Menuju konten utama

Konsumerisme Puasa

Bulan puasa semestinya menjadi bulan untuk menahan diri dari segala godaan duniawi. Menariknya, saat ramadan juga menjadi waktu di mana tingkat konsumsi masyarakat naik signifikan. Setidaknya menurut Bank Indonesia selama sembilan tahun terakhir pertumbuhan uang yang beredar di masyarakat pada periode Ramadan-Idul Fitri selalu meningkat 14 persen setiap tahunnya. Untuk apakah sebenarnya uang sebanyak itu?

Konsumerisme Puasa
Warga memilih aneka makanan untuk berbuka puasa di pasar takjil Benhil, Jakarta. Antara foto/Yudhi Mahatma

tirto.id - “Berbukalah dengan yang sayang, kalau sekedar manis tapi enggak sayang, buat apa? Nanti ditinggal juga.” Kelakar ini boleh jadi sudah kepalang sering anda dengar, mungkin pada awalnya ia lucu, tetapi pelan-pelan jadi sedemikian membosankan dan anda hanya bisa tersenyum getir membaca lelucon itu. Belakangan berbuka bukan soal yang manis atau yang sayang, tapi berbuka bersama siapa dan di mana, menjadi persoalan pelik.
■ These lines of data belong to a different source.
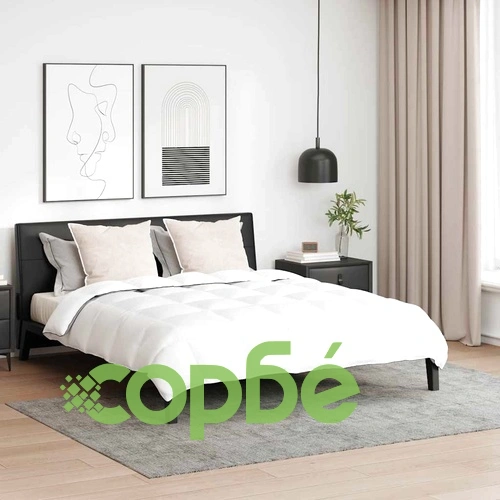 Зимно одеяло с две възглавници от гъши пух - Бяло, 260 x 220 см ➤ топ цена ➤ sorbe.bg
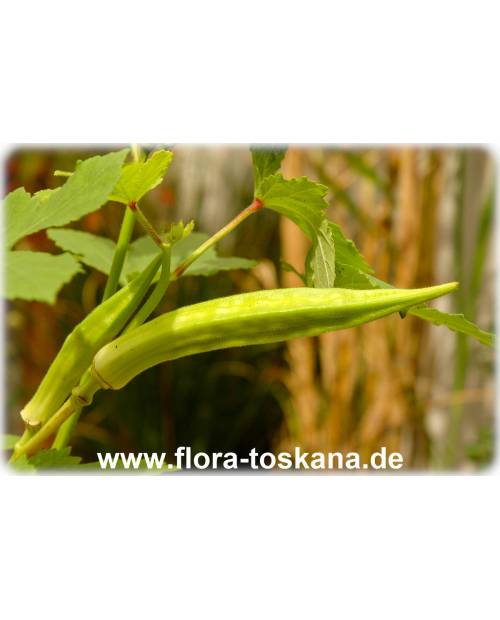 Abelmoschus esculentus - Okra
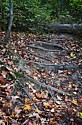 Along the trail after Blue Hen Falls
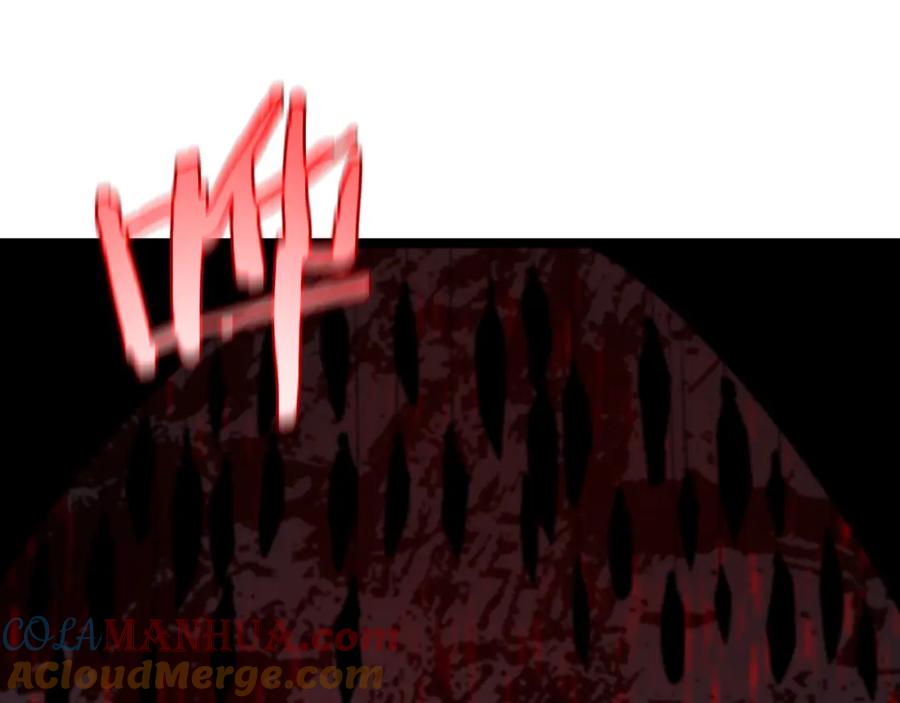 117.jpg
Dunia sebenarnya lebih indah ketika perkara makan hanya perihal ada atau tidak. Sayangnya, perkara makan itu kini diperumit dengan pertanyaan di mana, kapan, dengan dan siapa. Buka puasa bersama ketika Ramadan bagi beberapa orang bisa sangat merepotkan dan tentu saja mahal. Ketika Ramadan, menjelang berbuka puasa, banyak umat muslim seolah terjebak balas dendam.
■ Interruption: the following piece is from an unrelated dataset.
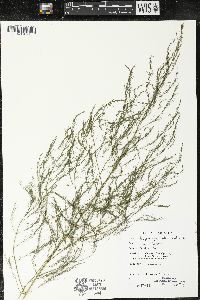 Asparagus officinalis image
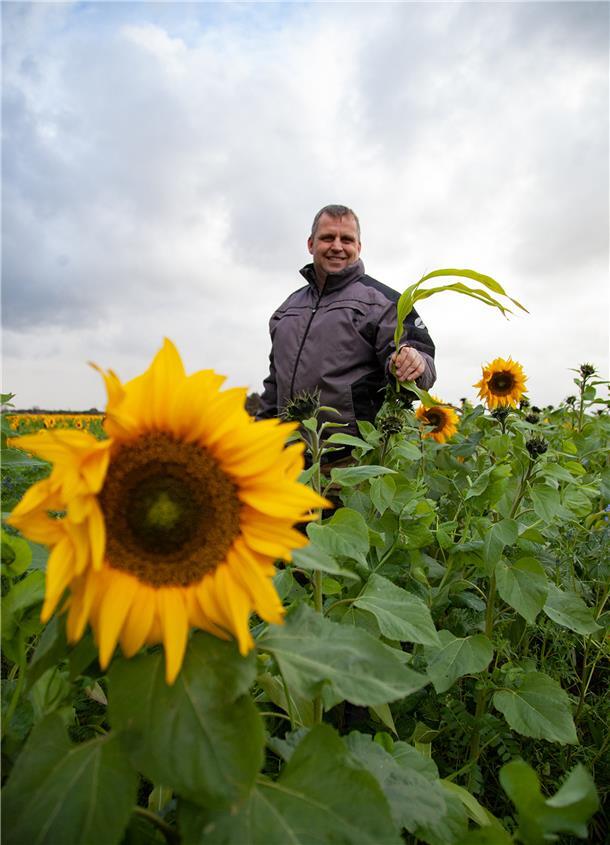 Wo sich Sonnenblumen im November in voller Pracht zeigen Lars Henken Sonnenblume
Mereka mencari berbagai jenis makanan untuk disantap ketika maghrib berkumandang. Tentu tidak semua, tapi kebanyakan dari mereka merasa perlu makan cemilan jenis-jenis tertentu sebagai pembatal, seperti kurma, gorengan, kue pasar, dan es buah. Setelah itu baru disusul makan besar. Tak jarang usai menjalankan ibadah sunah sholat tarawih kegiatan makan masih dilanjutkan.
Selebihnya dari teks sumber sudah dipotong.